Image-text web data
== == ==
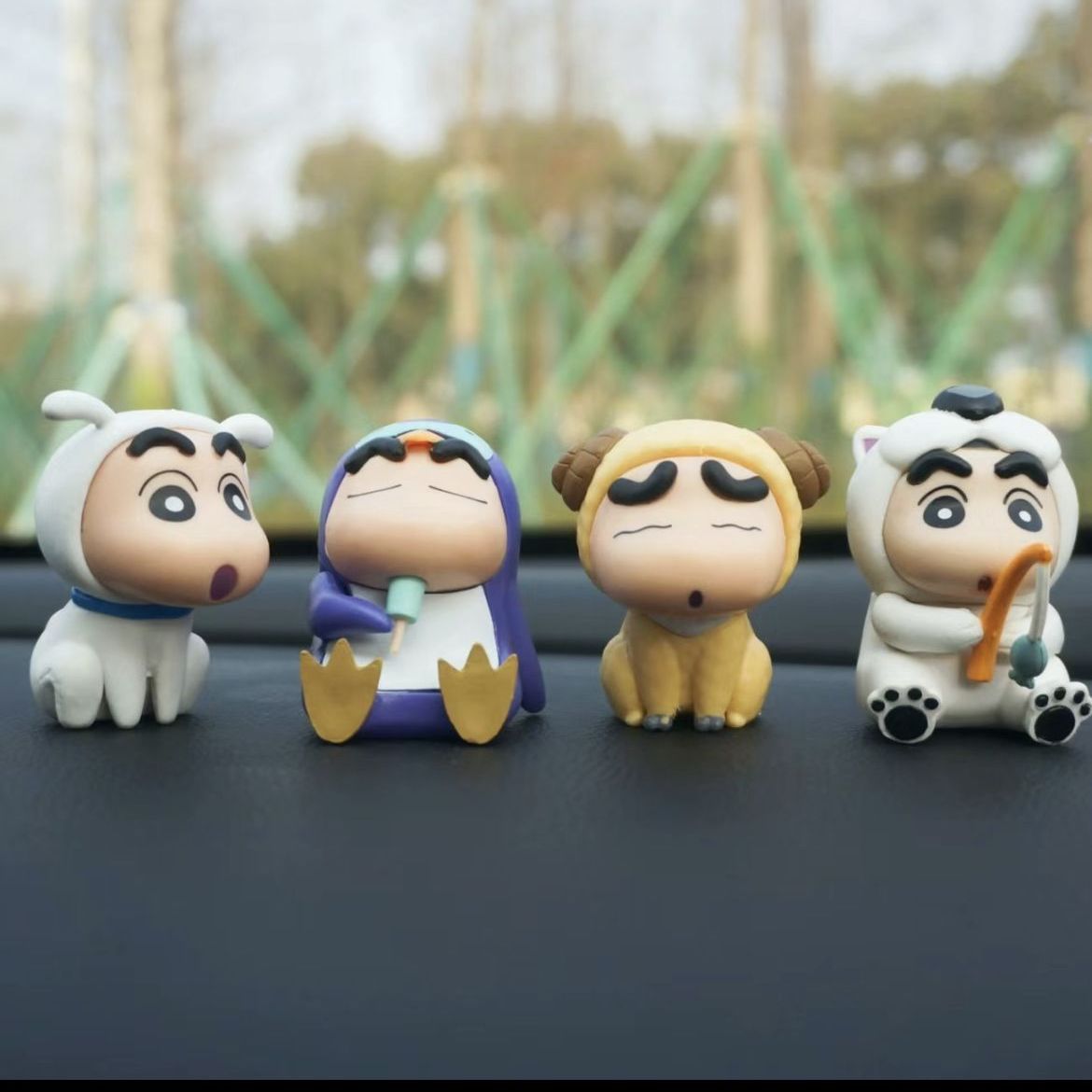 Crayon Shin-Chan Car Ornaments, Creative and Cute Center Console Decorations, Popular Car Interior Decorations, Cartoon Dolls, Small Toys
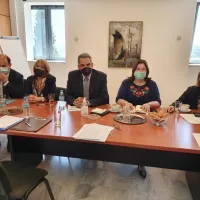 syrigos voultepsi synantisi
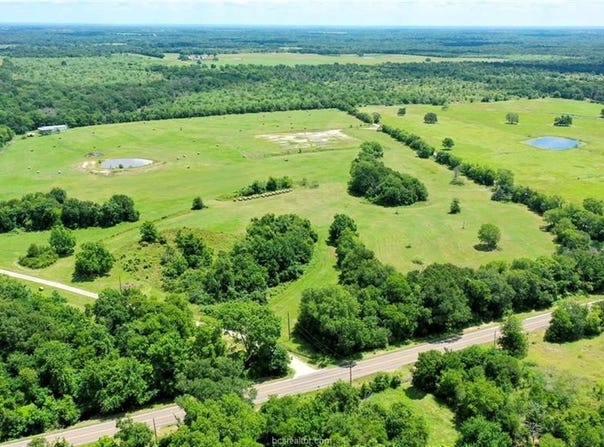4853 Fm 1428, Madisonville, TX 77864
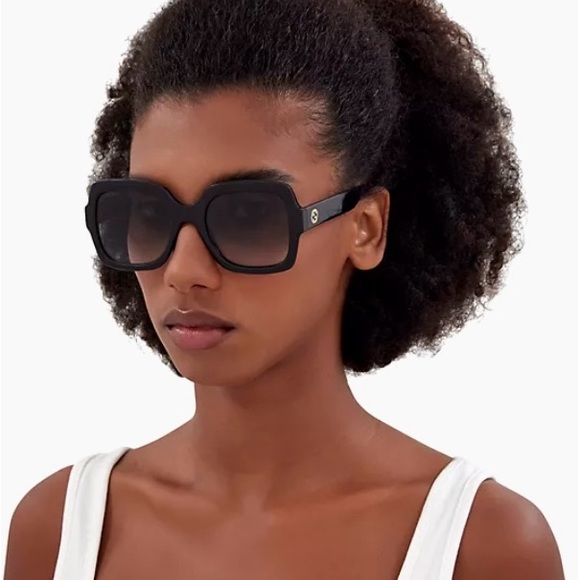 Gucci Sunglasses Black
GG0036SN - Picture 3 of 10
== == ==
- _Work to complete_: Where the line containing "4853 Fm 1428, Madisonville, TX 77864" appears above, start there and set down each line exactly through the last line of the data; leave out every picture.

- _Solution to this problem_:
4853 Fm 1428, Madisonville, TX 77864
 Gucci Sunglasses Black
GG0036SN - Picture 3 of 10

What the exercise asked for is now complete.